Cofolding is an intermolecular process, therefore whether duplex formation will
actually occur is concentration dependent. Trivially, if one of the molecules is
not present, no dimers are going to be formed. The partition functions of the
molecules give us the equilibrium constants:

.. math::

   K_{AB} = \frac{[AB]}{[A][B]} = \frac{Z_{AB}}{Z_AZ_B}

with these and mass conservation, the equilibrium concentration of homodimers,
heterodimers and monomers can be computed in dependence of the start concentrations
of the two molecules.

This is most easily done by creating a file with the initial concentrations of
molecules :math:`A` and :math:`B` in two columns::

   [a_1]([mol/l])  [b_1]([mol/l])
   [a_2]([mol/l])  [b_2]([mol/l])

   [...]

   [a_n]([mol/l])  & [b_n]([mol/l])

- Prepare a concentration file for input with this little ``perl`` script::

    $ perl -e '$c=1e-07; do {print "$c\t$c\n"; $c*=1.71;} while $c<0.2' > concfile

  This script creates a file displaying values from 1e-07 to just below 0.2,
  with 1.71-fold steps in between. For convenience, concentration of molecule A
  is the same as concentration of molecule B in each row. This will facilitate
  visualization of the results.

- Compute the ``MFE``, the ensemble properties and the concentration dependency
  of hybridization::

    $ RNAcofold -f concfile < t.seq > cofold.out

- Look at the generated output with::

    $ less cofold.out

  which should be similar to::

    [...]
    Free Energies:
    AB              AA              BB              A               B
    -18.261023      -17.562553      -18.274376      -7.017902       -7.290237
    Initial concentrations          relative Equilibrium concentrations
    A                B               AB              AA              BB              A               B
    1e-07           1e-07           0.00003         0.00002         0.00002         0.49994         0.49993
    [...]

The five different free energies were printed out first, followed by a list
of all the equilibrium concentrations, where the first two columns denote the
initial (absolute) concentrations of molecules :math:`A` and :math:`B`,
respectively. The next five columns denote the equilibrium concentrations
of dimers and monomers, relative to the total particle number.

.. note::

  The concentrations don't add up to one, except in the case where no dimers
  are built -- if you want to know the fraction of particles in a dimer, you
  have to take the relative dimer concentrations times 2.

Since relative concentrations of species depend on two independent values -
initial concentration of A as well as initial concentration of B - it is not
trivial to visualize the results. For this reason we used the same concentration
for A and for B. Another possibility would be to keep the initial concentration of
one molecule constant.
As an example we show the following plot of ``t.seq``.

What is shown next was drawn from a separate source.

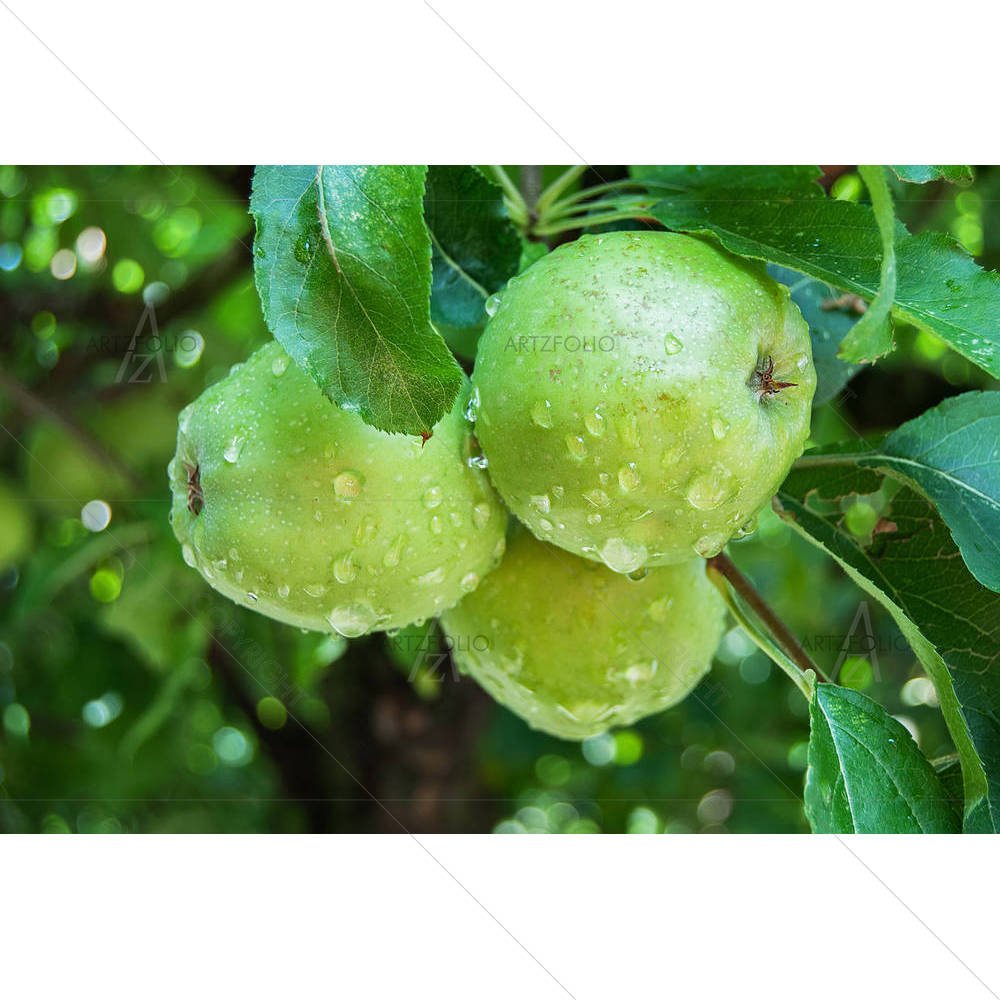 Photo of Green Apples — Cuisine custom art by ArtzFolio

Now we use some commandline tools to render our plot. We use ``tail -n +11`` to
show all lines starting with line 11 (1-10 are cut) and pipe it into an ``awk``
command, which prints every column but the first from our input.
This is then piped to ``xmgrace``.
With ``-log x -nxy -`` we tell it to plot the x axis in logarithmic scale and to
read data file in X Y1 Y2 ... format.

.. code::

  $ tail -n +11 cofold.out | awk '{print $2, $3, $4, $5, $6, $7}' | xmgrace -log x -nxy -


Concentration Dependency Plot
=============================

.. image:: ../gfx/tutorial/tconcdep.png
   :width: 66%
   :align: center

Since the two sequences are almost identical, the monomer and homo-dimer
concentrations behave very similarly. In this example, at a concentration of
about 1 mmol 50% of the molecule is still in monomer form.